Aveva acceso la lampadina che bastava da sola a illuminare un ampio tratto di terreno davanti a noi, cosicché non era stato necessario che accendessi anche la mia.
Superammo la svolta senza fermarci, aggirammo un grosso macigno, e stavamo per svoltare un’altra volta, quando i due Martin uscirono dall’ombra della parete di fronte a noi.
Il signor Martin reggeva un lungo tubo lucente che mandava un bagliore tanto intenso da rendere completamente inutile la lampadina del signor Dyson.
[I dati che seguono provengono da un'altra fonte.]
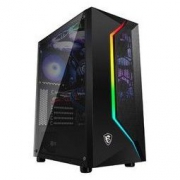 京天华盛 组装台式机（i7-10700F、16GB、256GB、RTX2060）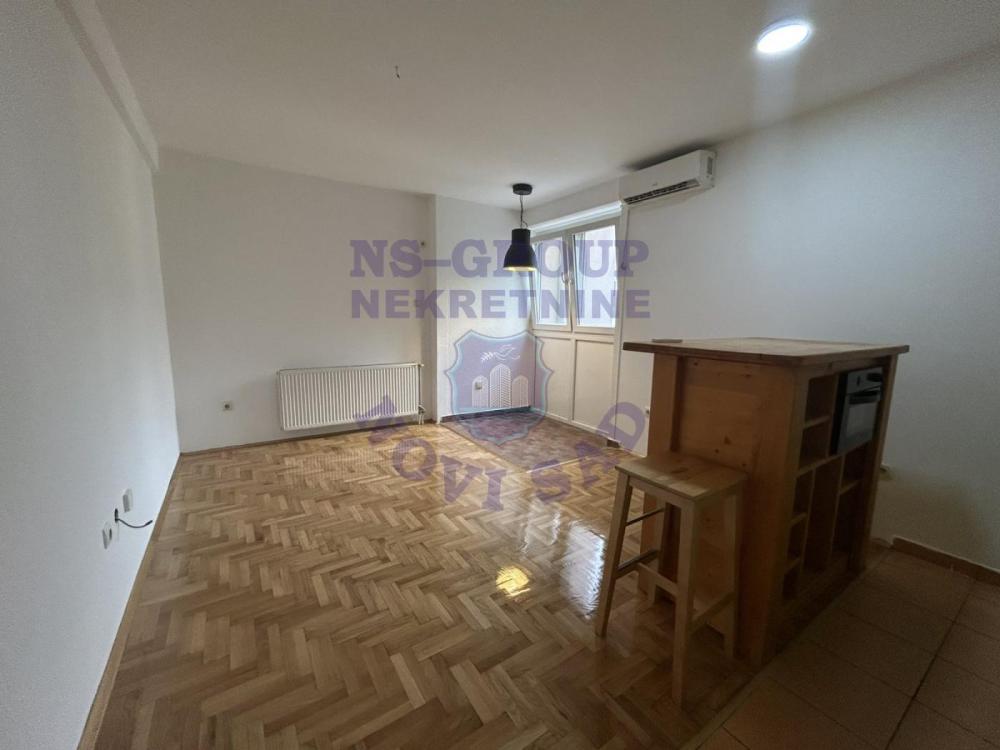 Slika 2 - Jednosoban stan na prodaju, 24m2, 82.400€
La signora Martin era a mani vuote, e mi fissava come se sperasse che io morissi e non potessi avvicinarmi di più, prima che suo marito balzasse al suo fianco.
Il signor Martin doveva condividere i suoi pensieri e sapere esattamente quel che lei voleva che facesse, perché il tubo si sollevò e il raggio si mosse verso di me.
Fu un errore madornale, l’ultimo che egli commise. Io ero immobile e per un attimo provai la sensazione di essere trasformato in una colonna di fuoco. Ma fu solo l’effetto del calore provocato dal raggio, prima che il signor Martin facesse un balzo indietro lasciando cadere il tubo. Se il raggio mi avesse preso in pieno non sarei riuscito a fermarlo e lui avrebbe colpito anche il signor Dyson, perché non ci sarei stato più io a impedirlo.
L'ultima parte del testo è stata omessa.